=== Instructions for the task ===
Give the data again exactly as it appears, excluding any pictures.

=== Supplied data ===
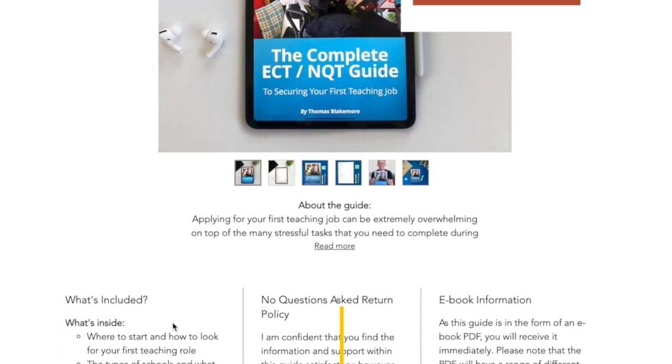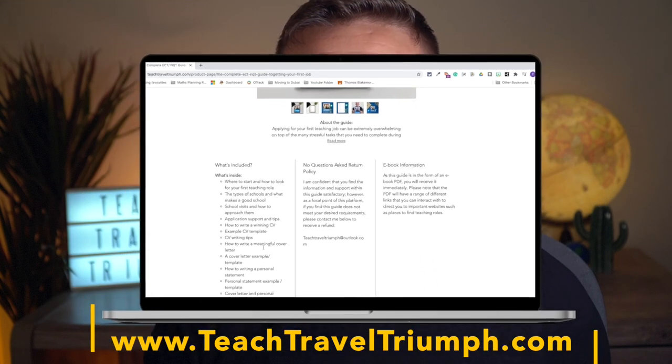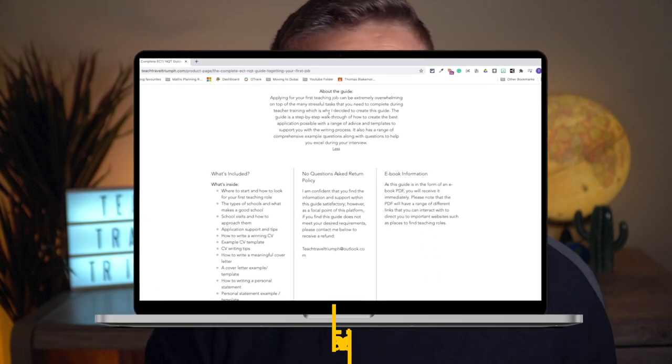I'm going to be completely honest with you — I cannot guarantee every single question you're going to receive during your interview. However, due to my own experience and having discussed this with colleagues, I'm able to combine some of the ideas and questions that I've had during my interviews to cover a range of different categories that you will likely receive. All of those are located inside a guide I've recently created and published on my website, teachtraveltriumph.com.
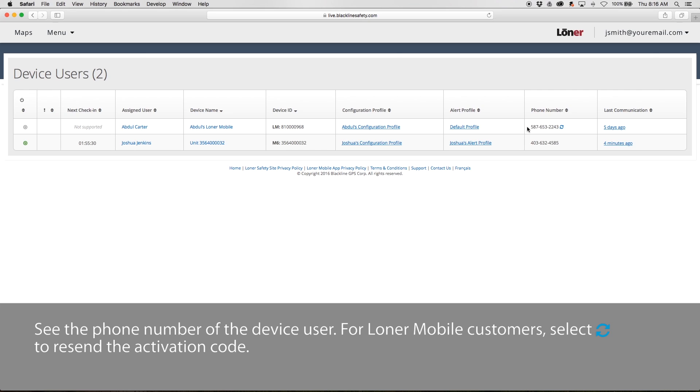Quickly find the phone number of the person assigned to the device. For loaner mobile devices, select the arrow icon to resend the activation code via text message.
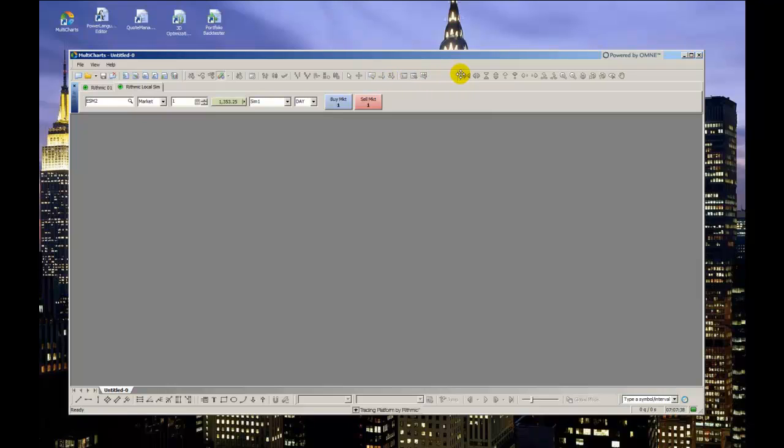Hello, this video is a collection of a few random tips and tricks I've come across that make MultiCharts easier to use and more beneficial for your trading.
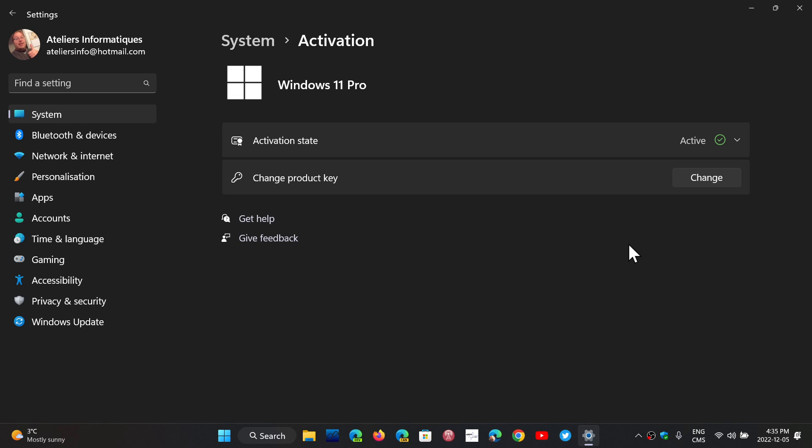And chances are you're going to be activated within seconds. Remember that the Windows version that you have needs to match. So if you were on Windows 7 Pro, for example, you can get Windows 11 Pro.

=== Response below ===
I'm going to be completely honest with you — I cannot guarantee every single question you're going to receive during your interview. However, due to my own experience and having discussed this with colleagues, I'm able to combine some of the ideas and questions that I've had during my interviews to cover a range of different categories that you will likely receive. All of those are located inside a guide I've recently created and published on my website, teachtraveltriumph.com.
Quickly find the phone number of the person assigned to the device. For loaner mobile devices, select the arrow icon to resend the activation code via text message.
Hello, this video is a collection of a few random tips and tricks I've come across that make MultiCharts easier to use and more beneficial for your trading.
And chances are you're going to be activated within seconds. Remember that the Windows version that you have needs to match. So if you were on Windows 7 Pro, for example, you can get Windows 11 Pro.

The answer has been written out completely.